Aset Mental | Catatan Ramadan: Ahmad Erani Yustika
Jika sedang senggang, tak ada kelirunya membuka kanal Youtube dan melihat konser Rod Stewart yang melantunkan gita “I Don’t Walk to Talk About It” di Royal Albert Hall. Video itu sudah ditonton 437 juta khalayak. Kidung itu juga masuk 100 tembang paling “eloquent” sepanjang masa. Ia bernyanyi di gedung itu sekitar 4 tahun lalu, ketika usianya 72 tahun (Januari lalu Rod baru merayakan ulang tahun ke-76). Ini bukan semata soal lagunya, tapi ketangguhan Rod menjaga stamina, pita suara, dan keseluruhan penampilan dalam kurun yang begitu panjang (album pertamanya lahir 1969). Perihal ini, barangkali ia hanya bisa diimbangi oleh vokalis rock kakap lainnya: Mick Jagger.
Kisah hayat Rod sejatinya dipenuhi keperihan. Hidupnya adalah kelok kegagalan. Ia merasa berbakat sebagai pemain bola, namun tak satu pun klub yang mau menerimanya. Ia patah hati, jauh lebih muram dari patah kaki. Rod lalu jadi pengamen di pojok-pojok London, sampai kemudian bertemu gitaris legendaris: Jeff Beck. Jeff yang membuatnya menjadi “manusia” dengan mengajak masuk ke grup cadas besutannya. Kepercayaan dirinya tegak dan sejak itu sepak terjangnya tak bisa dibendung.
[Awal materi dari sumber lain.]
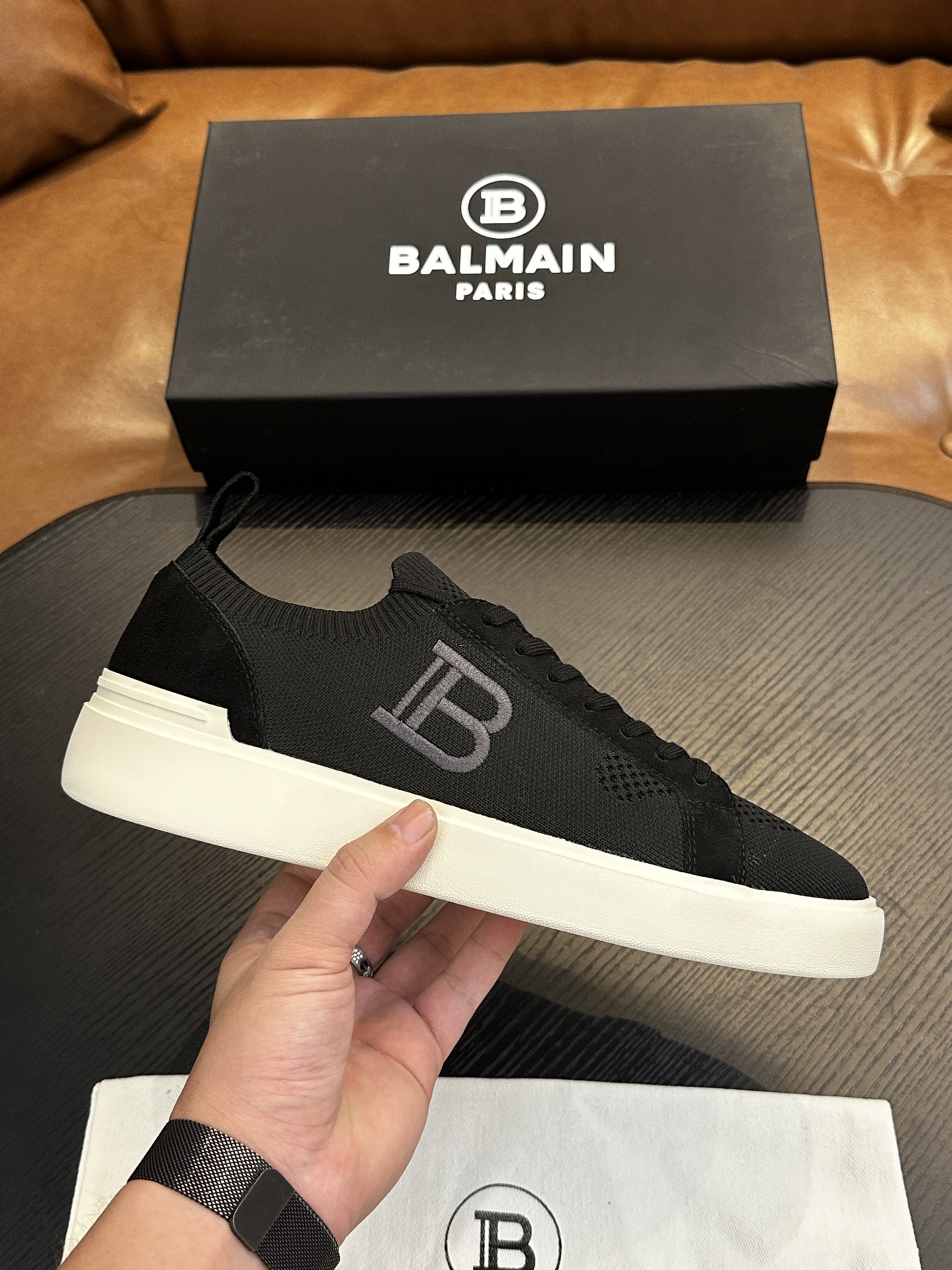 NO:340117,Balmain Racer mid-top knitted sneakers High-density knitted fabrics with hand-crafted craftsmanship, rear lifting rings, foot covers, logo insoles, foam thick sole. Size 39-44, (customized for 45, 46), Balmain, balmain, balmain, sneakers19860909Balmain Racer 中帮针织运动鞋 高密度针织面料搭配手工工艺、后置提鞋环,套脚,logo鞋垫、发泡厚底. 码数39-44,（45、46定做）,巴尔曼,balmain,balmain,sneakers,Men's shoes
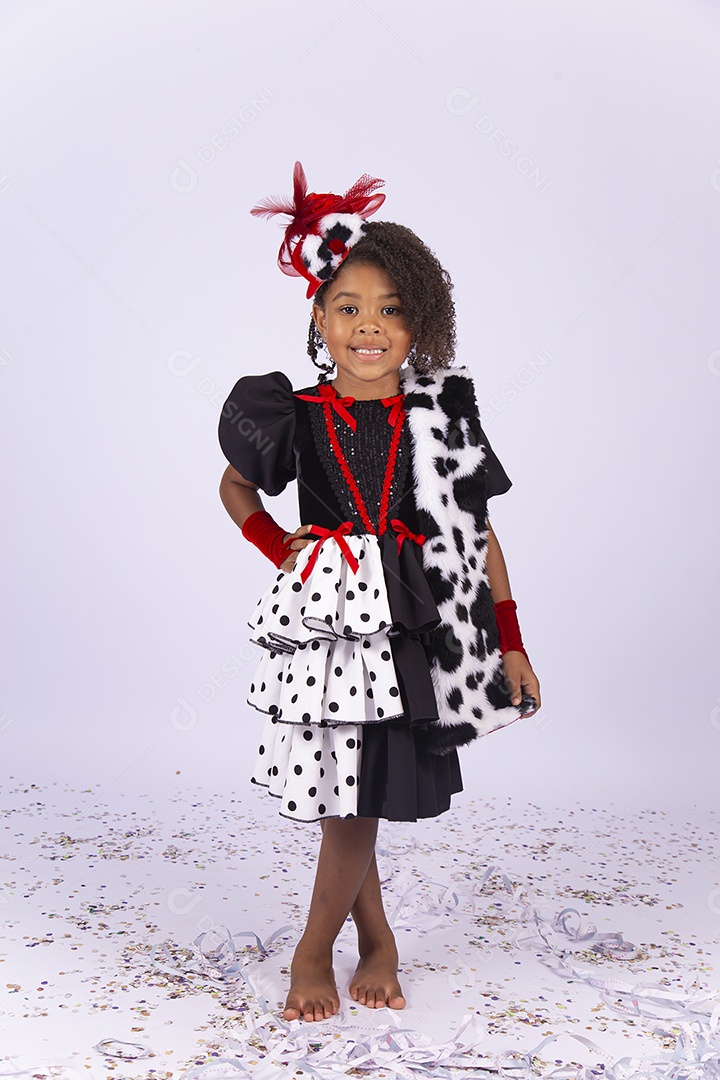 Linda menina de cabelo cacheado fantasiada sobre um fundo isolado branco.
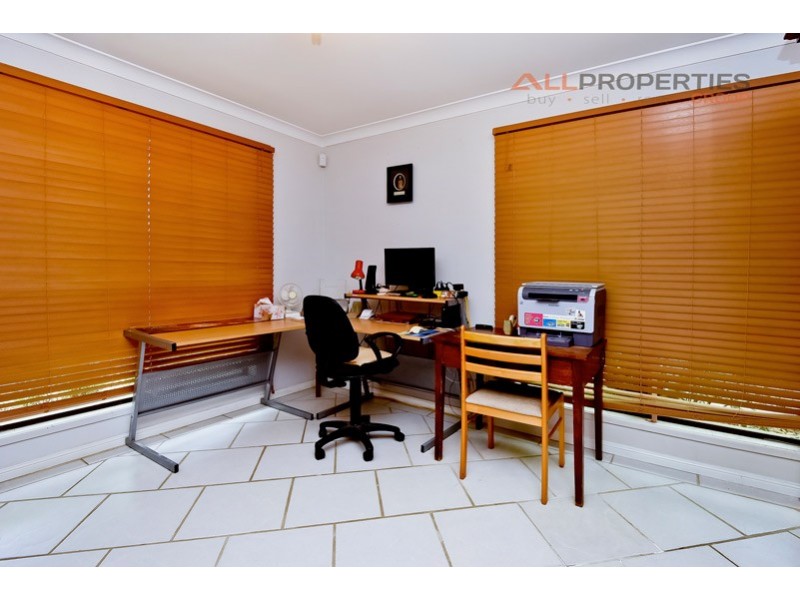 39 CORSLOOT STREET, Regents Park QLD 4118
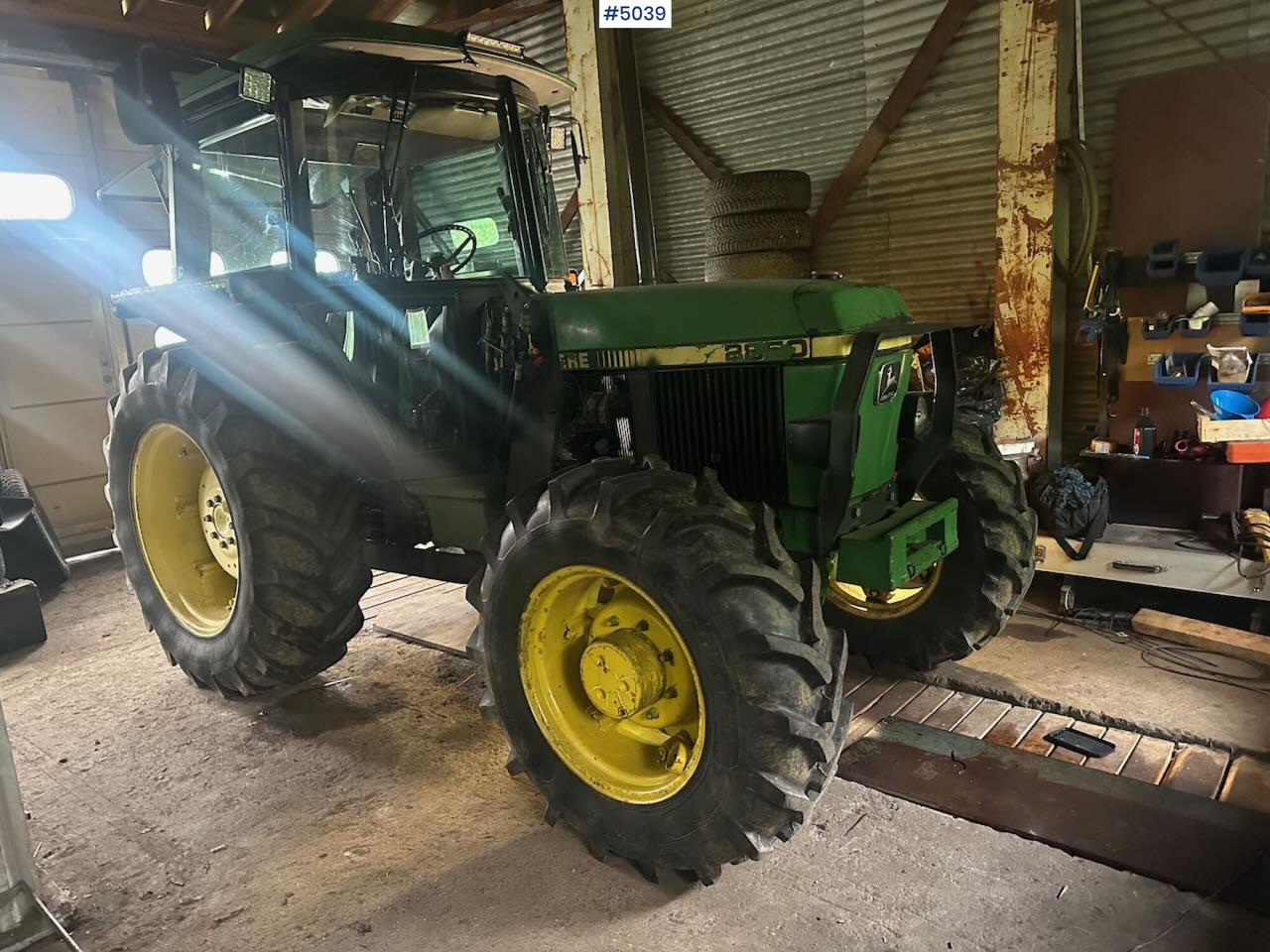 1987 John Deere 2850 Synchron w/ front loader - Traktor: obrázok 1 1987 John Deere 2850 Synchron w/ front loader - Traktor: obrázok 1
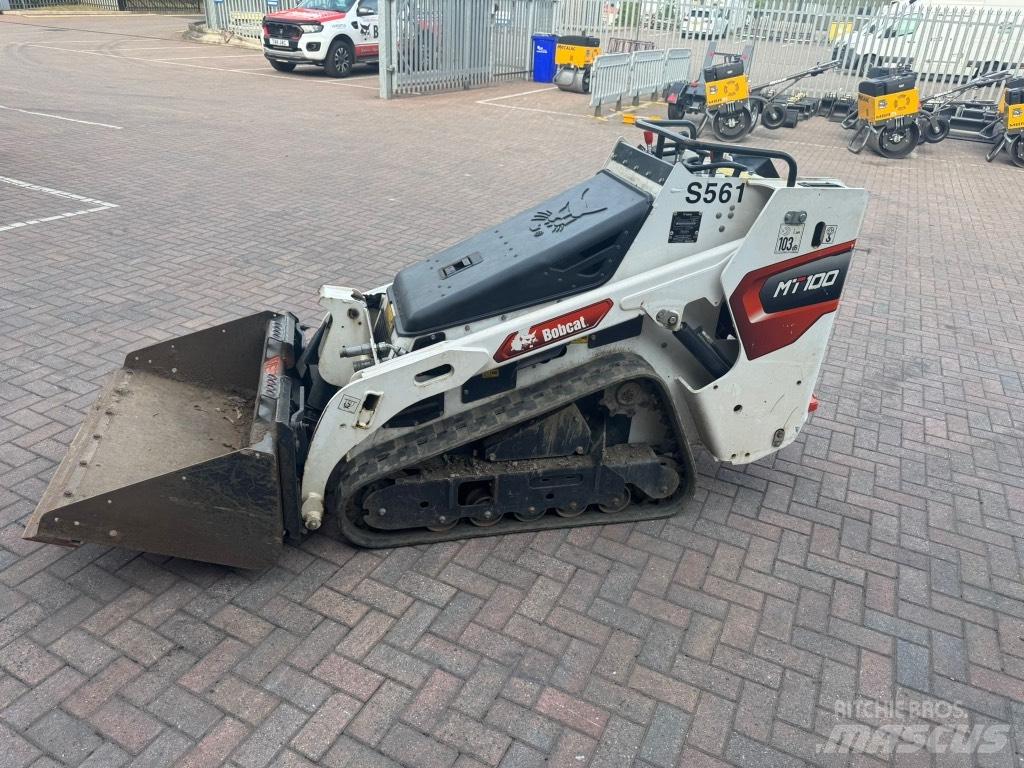 Bobcat MT 100 Pale cingolate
Ujungnya, ia telah menjadi sejarah. Salah satu penggalan dendang itu barangkali bagian dari kisah masa silamnya yang pilu: “blue for the tears, black for the night’s heart….”
Riwayat perjuangan Rod tidaklah unik, sebab banyak pula dijalani orang lain, salah satunya Edson Arantes do Nascimento (Pele), legenda sepakbola Brazil. Sebelum mekar sebagai pemain besar, pelatih Santos FC terpikat oleh gocekan bolanya. Ia boyong anak itu ke asrama. Di pendadaran Pele pernah frustrasi dan membawa kopernya ke stasiun untuk pulang ke kampungnya. Pelatihnya menyusul, tapi tidak untuk mengemis. Ia cuma bergumam: “Terlalu banyak orang berbakat di dunia ini yang menjadi pecundang gegara tak sudi berjuang.” Saat kereta tiba, Pele berubah pikiran dan kembali berlatih memperjuangkan keyakinan.
Sebagian dari penggemar bola saat ini pasti juga silau dengan kehebatan Cristiano Ronaldo. Selama 15 tahun terakhir ia (bersama Lionel Messi) silih berganti menjadi pemain terbaik dunia. Pada usia 36 tahun pemain berjuluk CR7 masih sangat kokoh di Serie A Italia, bahkan menjadi pencetak gol terbanyak. Klub yang dibela menjadi juara liga. Rahasianya? Pasti banyak yang bilang karena talenta yang luar biasa. Tentu saja jawaban itu tidak salah, namun ada hal besar yang luput dijawab di balik bakatnya yang luber. Dia selalu datang latihan paling pagi, dan setelah semuanya pulang ia masih berpeluh sendiri atau pergi ke tempat kebugaran. Ia “siksa” tubuhnya demi menjaga stamina dan kelihaian menggocek bola.
Ketiga pesohor itu mendaki dua perkara sekaligus: mengikis nafsu dan menikmati terjal perjuangan. Syahwat bukan sekadar menyalurkan hasrat untuk mencecap kelezatan, tapi juga kesanggupan mengeliminasi frustrasi, hampa, dan keletihan berkorban. Ketika mereka bisa melewati ketakberdayaan memang tak lantas menggapai kemenangan. Tetapi, kesanggupan berjuang kembali menandakan keberanian menatap hari depan. Perjuangan melawan nyeri “haus dan lapar sepanjang hari” menjadi aset mental untuk tetap berjejak di bumi. Itu yang membuat Rod, Pele, dan Ronaldo tetap bertahta melampaui uji masa yang penuh onak.